We will be discussing two texts by Herbert Marcuse this year, starting with Eros and Civilization in January. Recall that the purpose of this seminar is to review intelligent criticism that helps us understand the relation between culture and the way we think about psychoanalysis, psychotherapy, and mental health in general. That is to say that clinical work does not occur in a vacuum; instead, it operates from a deeper foundation of the construction of value, scientific paradigm, language, power relations, and many other factors. Marcuse was very sensitive to these issues in his own right and offers an exciting volume that we will use as a basis for discussion.
He is deeply concerned with the fact that our civilization is repressed and that individuals are dominated by various forms of a repressive system. He, like Nietzsche, queries about the possibility of a transvaluation of values that would lead to non-repressive forms of culture. He proposes in his book the idea of “non-repressive sublimation,” in which the sexual impulses maintain their erotic energy, bypass their immediate object, and eroticize (energize) non-erotic relationships between individuals. Otherwise, we exist in forms of personal and social alienation that separate the intellectual from the instinctual, of pleasure from thought. Therefore, for Marcuse, we must engage in intellectual liberation from totalitarian forms of thought that regress our instinctual nature. This necessarily is a social and political issue. While the Existential Psychoanalytic Institute of Seattle is not necessarily an agent of political activism, it does recognize that the political does meet both the professional and the clinical. Because we are sensitive to these influences and “effects,” and because we recognize that critical social and political theory is necessary for the development of contemporary psychoanalytic thought and practice, we offer this seminar to our members. We’ll proceed here by way of a series of questions.
1. What is the relationship between social/political issues and psychology (psychoanalysis), according to Marcuse? On this note, what is totalitarianism? How does it affect psychology/psychoanalysis?
2. Has the sacrifice of libido and happiness (through social & cultural repression) actually paid off in our culture/society? What sort of evidence can we give either way? Are there counter-finalities (Sartre’s term from the Critique of Dialectical Reason) that have proven more harmful than any perceived gains?
3. In “Freudian terms, is the conflict between pleasure principle and reality principle irreconcilable to such a degree that it necessitates the repressive transformation of man’s instinctual nature?”; or does it allow for a new, non-repessive relationship to nature [note Heidegger's exegesis on the four-fold] as well as for new, non-repressive social and existential relations between individuals?

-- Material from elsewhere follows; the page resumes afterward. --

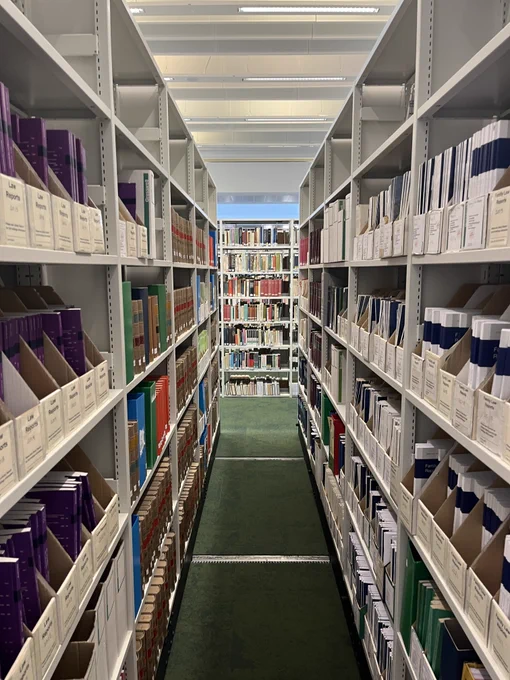 Three bookshelves, two facing each other, one at the opposite end to the picture taker.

4. Following the previous question, might it be true that the “repressive” form of civilization is only historically accidental but not necessarily true in any analytic sense?
5. Is it true that Freud’s theory itself refutes his consistent denial of a non-repressive civilization? Do the achievements of a repressive civilization create the seeds for the gradual abolition of repression?
6. What is the relationship between the pleasure principle and the reality principle, according to Freud?
7. Does the reality principle safeguard the pleasure principle?
8. Does the social organization of personal desire/instinct thereby render their resulting aim and direction less than fully authentic, somehow untrue to individuals?
9. What does Freud mean when he asserts that the reality principle never entirely overcomes the pleasure principle and therefore has to be constantly re-established?
10. Can we overcome inner repression? Should we?
11. Is there a possible synthesis for the dialectical struggle between the pleasure principle and the reality principle?
12. What is happiness? How is it related to pleasure?
13. How is regression progressive? How can this inform psychotherapeutic/analytic practice?
14. How does Freud think that the repressive function at the ontogenetic level is interrelated to the phylogenetic level? How can this dialectic inform knowledge between clinical practice and cultural criticism/critical social theory?